**Activity**
Find each line below containing the word "easy" and copy it.

★ ★ ★

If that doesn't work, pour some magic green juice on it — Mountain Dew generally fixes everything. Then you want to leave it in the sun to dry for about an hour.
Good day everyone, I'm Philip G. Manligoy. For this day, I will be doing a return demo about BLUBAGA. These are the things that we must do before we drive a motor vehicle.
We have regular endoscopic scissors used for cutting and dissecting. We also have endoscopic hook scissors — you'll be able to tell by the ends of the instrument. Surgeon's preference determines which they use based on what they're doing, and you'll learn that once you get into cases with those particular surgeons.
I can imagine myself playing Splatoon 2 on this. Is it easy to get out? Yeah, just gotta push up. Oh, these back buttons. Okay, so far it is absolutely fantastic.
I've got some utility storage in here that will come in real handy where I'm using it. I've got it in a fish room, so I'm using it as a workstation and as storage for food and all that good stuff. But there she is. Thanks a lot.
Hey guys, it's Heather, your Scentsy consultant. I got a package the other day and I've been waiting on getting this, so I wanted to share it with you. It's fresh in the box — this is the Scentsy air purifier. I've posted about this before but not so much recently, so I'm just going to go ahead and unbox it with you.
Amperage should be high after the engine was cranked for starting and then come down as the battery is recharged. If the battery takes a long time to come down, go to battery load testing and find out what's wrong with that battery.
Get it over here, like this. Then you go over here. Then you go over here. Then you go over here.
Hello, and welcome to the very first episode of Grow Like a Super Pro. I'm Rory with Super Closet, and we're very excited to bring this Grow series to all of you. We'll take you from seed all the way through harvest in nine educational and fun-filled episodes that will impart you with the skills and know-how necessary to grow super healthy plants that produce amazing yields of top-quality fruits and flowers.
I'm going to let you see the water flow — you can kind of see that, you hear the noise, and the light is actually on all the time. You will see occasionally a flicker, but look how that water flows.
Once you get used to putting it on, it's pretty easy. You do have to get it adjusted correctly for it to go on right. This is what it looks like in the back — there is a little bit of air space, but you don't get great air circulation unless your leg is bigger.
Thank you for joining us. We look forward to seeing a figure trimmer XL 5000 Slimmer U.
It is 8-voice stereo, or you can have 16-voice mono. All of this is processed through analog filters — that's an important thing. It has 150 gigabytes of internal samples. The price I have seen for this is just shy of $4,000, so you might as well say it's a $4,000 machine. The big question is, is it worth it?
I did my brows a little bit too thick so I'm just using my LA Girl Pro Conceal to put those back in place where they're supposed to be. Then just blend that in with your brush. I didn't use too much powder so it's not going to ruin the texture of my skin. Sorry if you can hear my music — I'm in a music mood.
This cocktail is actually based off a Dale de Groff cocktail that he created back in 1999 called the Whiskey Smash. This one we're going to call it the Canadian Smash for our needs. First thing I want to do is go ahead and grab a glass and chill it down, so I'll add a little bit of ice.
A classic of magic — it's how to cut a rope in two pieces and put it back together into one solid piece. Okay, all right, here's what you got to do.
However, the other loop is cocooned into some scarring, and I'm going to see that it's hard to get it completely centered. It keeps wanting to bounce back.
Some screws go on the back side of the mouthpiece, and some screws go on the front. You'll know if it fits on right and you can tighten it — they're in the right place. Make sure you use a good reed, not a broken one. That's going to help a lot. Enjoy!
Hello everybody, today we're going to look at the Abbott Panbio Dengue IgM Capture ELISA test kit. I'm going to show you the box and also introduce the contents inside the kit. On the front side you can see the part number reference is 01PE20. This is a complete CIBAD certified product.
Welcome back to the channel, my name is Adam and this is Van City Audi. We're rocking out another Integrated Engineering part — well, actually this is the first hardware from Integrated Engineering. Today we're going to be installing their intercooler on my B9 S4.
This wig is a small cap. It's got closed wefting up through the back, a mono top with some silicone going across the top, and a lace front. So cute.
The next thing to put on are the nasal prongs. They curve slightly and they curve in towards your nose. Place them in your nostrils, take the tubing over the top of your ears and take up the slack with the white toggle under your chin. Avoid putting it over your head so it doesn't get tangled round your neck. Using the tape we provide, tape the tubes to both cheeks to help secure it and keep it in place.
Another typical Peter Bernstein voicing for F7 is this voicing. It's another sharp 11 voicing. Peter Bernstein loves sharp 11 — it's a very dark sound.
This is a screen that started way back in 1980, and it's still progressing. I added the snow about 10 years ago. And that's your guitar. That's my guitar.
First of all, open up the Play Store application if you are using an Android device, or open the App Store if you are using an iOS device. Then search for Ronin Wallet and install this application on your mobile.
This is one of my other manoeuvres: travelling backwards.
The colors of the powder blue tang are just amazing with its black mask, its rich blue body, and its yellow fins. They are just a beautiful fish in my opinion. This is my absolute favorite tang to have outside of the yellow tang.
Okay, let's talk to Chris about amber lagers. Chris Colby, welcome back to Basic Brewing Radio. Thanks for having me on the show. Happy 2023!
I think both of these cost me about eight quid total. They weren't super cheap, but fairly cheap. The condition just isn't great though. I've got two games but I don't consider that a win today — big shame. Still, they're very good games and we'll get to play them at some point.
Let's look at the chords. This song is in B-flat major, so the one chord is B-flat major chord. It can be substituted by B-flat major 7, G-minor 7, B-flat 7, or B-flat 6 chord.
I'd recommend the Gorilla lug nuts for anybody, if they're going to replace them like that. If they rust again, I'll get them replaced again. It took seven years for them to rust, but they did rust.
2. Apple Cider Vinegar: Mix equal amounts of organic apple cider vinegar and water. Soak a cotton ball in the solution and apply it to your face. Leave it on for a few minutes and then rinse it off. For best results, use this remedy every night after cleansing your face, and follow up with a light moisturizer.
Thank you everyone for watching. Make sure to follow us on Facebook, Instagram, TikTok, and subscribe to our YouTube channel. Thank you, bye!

★ ★ ★

**Reply**
I can imagine myself playing Splatoon 2 on this. Is it easy to get out? Yeah, just gotta push up. Oh, these back buttons. Okay, so far it is absolutely fantastic.
Once you get used to putting it on, it's pretty easy. You do have to get it adjusted correctly for it to go on right. This is what it looks like in the back — there is a little bit of air space, but you don't get great air circulation unless your leg is bigger.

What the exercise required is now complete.